Telekom Electronic Beats

Mika Vainio and Actress Talk About Eradicating Techno

On the scale of things, Actress and Mika Vainio are obscure artists—but in the field of avant garde compositions and electronics, both are significant figures with big enough profiles to headline a festival. Actress (AKA Darren Cunningham) capped off a series of critically-acclaimed albums and a growing catalog of releases on his Werk Discs label with a stellar forthcoming contribution to the long-running DJ-Kicks series, while Vainio carved his name into the canon of innovative electronics with his work in the Pan Sonic duo and under aliases like Ø. In late March, their consecutive individual sets closed out The Long Now, the 30-hour marathon finale to MaerzMusik, a 10-day event that mostly featured contemporary classical composers.
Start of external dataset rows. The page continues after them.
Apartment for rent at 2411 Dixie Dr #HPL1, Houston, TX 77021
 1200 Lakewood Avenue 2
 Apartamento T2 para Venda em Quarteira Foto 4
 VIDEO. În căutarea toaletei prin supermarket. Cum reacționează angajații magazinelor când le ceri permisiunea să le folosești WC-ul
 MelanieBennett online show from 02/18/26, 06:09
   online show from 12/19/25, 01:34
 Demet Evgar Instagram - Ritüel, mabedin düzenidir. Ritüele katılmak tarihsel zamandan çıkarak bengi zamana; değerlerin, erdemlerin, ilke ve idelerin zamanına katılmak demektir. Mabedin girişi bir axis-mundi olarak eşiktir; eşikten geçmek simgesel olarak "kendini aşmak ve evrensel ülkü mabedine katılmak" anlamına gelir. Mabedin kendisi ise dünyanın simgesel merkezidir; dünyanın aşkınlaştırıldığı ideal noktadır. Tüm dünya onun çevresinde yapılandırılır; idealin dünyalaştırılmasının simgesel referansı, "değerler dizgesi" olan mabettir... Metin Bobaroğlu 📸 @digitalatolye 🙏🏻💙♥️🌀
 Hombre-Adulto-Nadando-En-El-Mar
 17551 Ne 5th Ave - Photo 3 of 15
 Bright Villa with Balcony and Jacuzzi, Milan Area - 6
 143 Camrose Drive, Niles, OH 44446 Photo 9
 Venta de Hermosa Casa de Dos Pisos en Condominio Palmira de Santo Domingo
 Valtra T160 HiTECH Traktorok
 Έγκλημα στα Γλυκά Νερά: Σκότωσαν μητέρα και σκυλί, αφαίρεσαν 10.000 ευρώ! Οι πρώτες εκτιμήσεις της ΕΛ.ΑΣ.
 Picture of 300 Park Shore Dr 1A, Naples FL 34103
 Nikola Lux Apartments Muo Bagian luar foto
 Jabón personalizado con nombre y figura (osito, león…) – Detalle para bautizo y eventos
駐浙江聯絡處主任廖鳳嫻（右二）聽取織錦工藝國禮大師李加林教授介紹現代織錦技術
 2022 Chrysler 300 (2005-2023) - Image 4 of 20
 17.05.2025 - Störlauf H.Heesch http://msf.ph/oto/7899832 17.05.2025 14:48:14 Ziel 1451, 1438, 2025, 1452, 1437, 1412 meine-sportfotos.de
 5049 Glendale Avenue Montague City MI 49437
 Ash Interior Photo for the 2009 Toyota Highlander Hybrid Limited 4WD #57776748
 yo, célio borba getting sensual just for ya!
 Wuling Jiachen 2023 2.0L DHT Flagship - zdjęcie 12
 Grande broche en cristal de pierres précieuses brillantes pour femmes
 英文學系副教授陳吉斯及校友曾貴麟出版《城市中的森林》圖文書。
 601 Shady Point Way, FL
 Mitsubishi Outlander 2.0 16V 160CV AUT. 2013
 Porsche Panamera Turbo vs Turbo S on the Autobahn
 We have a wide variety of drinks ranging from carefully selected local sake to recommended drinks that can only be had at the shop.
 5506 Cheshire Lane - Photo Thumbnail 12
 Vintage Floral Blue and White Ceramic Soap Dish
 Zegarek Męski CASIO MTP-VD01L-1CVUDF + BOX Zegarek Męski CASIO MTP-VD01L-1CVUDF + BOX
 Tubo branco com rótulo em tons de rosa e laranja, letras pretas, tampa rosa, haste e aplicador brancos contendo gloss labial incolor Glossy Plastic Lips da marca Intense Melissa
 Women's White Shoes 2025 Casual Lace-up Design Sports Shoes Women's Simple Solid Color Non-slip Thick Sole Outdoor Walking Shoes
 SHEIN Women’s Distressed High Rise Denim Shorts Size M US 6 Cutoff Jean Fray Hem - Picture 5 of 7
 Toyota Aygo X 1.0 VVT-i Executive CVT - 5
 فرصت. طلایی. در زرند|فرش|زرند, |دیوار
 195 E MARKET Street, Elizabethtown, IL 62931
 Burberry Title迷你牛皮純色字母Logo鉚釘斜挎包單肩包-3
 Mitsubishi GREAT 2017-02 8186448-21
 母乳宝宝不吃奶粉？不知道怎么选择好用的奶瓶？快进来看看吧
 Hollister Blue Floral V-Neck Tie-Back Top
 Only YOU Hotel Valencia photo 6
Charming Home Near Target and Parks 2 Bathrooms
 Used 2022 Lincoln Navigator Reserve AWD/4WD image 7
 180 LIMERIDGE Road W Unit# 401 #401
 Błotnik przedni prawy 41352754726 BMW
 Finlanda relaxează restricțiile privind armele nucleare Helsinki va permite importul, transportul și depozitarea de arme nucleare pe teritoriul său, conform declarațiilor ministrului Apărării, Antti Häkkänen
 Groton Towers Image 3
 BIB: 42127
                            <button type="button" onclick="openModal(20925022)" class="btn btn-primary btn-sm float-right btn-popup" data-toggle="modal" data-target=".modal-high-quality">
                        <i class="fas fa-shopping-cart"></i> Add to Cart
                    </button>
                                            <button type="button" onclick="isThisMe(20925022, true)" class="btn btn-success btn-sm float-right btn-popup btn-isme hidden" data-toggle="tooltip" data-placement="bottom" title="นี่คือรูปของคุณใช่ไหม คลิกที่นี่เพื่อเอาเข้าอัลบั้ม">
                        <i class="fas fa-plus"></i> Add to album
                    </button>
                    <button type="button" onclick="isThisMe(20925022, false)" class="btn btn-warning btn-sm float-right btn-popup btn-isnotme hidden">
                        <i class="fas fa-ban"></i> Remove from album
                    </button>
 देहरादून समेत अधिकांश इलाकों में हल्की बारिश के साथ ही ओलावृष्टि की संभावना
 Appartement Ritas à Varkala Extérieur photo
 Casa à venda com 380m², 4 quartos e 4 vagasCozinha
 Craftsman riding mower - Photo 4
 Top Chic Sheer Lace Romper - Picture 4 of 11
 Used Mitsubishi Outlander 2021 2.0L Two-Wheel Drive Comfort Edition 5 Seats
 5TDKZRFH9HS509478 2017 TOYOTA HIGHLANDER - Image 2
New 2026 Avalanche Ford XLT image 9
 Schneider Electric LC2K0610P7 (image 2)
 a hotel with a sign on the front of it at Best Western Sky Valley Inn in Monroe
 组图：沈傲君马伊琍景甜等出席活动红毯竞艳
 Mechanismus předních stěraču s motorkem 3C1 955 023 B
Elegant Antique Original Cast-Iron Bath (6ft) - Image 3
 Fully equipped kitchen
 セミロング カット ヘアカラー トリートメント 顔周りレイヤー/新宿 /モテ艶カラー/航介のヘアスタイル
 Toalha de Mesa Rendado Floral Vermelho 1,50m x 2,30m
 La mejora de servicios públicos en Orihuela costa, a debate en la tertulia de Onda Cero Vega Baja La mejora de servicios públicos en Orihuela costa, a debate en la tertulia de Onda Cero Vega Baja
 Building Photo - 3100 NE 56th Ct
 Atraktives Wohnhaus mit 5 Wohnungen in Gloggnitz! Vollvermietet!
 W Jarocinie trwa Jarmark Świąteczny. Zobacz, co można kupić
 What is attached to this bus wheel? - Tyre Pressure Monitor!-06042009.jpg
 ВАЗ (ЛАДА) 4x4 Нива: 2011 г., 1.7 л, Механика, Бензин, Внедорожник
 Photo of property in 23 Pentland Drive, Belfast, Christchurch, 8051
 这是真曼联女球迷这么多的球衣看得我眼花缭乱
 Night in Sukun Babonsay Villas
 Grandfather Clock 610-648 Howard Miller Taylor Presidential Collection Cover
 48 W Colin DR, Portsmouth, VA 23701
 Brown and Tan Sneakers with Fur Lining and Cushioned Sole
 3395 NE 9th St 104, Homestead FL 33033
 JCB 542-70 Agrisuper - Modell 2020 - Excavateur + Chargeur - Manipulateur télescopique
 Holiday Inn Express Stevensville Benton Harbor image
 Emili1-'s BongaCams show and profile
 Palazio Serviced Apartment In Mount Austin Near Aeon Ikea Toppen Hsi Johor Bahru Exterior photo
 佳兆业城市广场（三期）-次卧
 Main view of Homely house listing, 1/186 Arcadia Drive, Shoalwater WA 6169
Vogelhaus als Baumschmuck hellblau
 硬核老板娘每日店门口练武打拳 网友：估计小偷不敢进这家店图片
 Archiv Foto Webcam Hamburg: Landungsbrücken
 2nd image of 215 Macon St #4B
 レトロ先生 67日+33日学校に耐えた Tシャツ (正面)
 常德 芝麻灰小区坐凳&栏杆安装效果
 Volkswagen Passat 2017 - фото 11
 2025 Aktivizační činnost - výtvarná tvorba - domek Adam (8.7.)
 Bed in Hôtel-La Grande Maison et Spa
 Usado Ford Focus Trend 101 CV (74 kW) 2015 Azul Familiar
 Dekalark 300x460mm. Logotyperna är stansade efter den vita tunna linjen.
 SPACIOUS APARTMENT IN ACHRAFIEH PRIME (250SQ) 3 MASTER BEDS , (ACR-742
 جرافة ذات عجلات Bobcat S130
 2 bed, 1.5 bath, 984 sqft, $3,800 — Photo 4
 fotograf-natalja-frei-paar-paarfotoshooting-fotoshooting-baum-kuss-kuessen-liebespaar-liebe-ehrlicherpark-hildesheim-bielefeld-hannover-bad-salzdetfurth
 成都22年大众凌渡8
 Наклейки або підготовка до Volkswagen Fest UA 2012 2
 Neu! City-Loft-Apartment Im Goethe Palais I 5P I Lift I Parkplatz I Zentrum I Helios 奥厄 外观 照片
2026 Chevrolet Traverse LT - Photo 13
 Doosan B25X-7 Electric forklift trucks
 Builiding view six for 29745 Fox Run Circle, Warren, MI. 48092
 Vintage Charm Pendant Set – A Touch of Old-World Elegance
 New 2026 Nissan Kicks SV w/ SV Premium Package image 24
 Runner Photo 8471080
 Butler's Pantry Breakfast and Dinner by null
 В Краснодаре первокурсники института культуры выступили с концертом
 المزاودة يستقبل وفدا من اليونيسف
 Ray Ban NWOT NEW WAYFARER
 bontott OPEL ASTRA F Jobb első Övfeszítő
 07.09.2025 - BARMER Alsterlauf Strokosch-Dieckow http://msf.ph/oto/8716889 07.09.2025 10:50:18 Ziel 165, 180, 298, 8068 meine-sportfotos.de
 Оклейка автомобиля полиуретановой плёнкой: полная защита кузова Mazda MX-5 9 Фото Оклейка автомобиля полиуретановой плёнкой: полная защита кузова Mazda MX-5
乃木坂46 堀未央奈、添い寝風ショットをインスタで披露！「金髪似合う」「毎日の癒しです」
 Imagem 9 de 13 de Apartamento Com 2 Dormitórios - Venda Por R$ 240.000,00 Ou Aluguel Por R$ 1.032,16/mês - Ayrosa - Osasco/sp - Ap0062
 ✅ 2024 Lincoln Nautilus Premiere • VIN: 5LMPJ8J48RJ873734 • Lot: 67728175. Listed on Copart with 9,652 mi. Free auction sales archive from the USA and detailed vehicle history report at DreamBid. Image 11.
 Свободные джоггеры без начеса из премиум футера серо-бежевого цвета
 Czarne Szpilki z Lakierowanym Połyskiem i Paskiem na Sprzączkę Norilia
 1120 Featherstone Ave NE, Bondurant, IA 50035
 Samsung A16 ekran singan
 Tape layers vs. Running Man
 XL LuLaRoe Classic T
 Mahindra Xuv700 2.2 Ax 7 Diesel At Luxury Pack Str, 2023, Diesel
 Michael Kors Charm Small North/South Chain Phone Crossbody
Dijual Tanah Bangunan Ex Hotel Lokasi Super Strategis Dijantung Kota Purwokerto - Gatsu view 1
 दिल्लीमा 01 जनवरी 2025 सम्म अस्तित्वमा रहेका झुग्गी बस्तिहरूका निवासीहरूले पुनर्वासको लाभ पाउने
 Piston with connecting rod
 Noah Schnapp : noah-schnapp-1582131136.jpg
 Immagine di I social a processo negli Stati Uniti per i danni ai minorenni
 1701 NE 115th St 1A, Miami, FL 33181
Before Vainio took the stage, Actress requested to speak with him backstage, because Vainio has influenced Cunningham since his early rave days. Daniel Gottlieb was there to witness what happened when two of experimental electronic music’s most revered talents met.

ACTRESS: When I started to go raves, I always saw Pan Sonic on posters, so that name has always been a part of my musical journey. I thought it was a really cool name for a band, but I wasn’t necessarily sure what you did. It was always stuck out to me like an object, which is how I see music a lot of the time: moving objects around and building sound-objects; shifting and replacing them. It was almost like the name was informing the music being made. At the same time, I was always unsure whether you were techno or an extreme other. Does Pan Sonic make techno?

MIKA VAINIO: Techno was an important influence when I started making music. In the ’80s, I occasionally played in different bands, but I only started to play music daily at the end of the decade. Acid house and techno were new and really important at the time, culturally as well as for Pan Sonic and my solo stuff. But I must say, I don’t listen to much techno anymore, so I don’t know what’s going on.

A: Was there an aspect of techno that irritated you or frustrated you at any point?

MV: Techno becomes irritating when it’s not working. There’s a lot of techno stuff that somehow, mysteriously, doesn’t catch the groove, and it becomes tedious because it never falls into place. Techno is a curious thing. Small details make a track work. Somehow techno lost its spark for me, but I’m sure there’s good and interesting stuff coming out.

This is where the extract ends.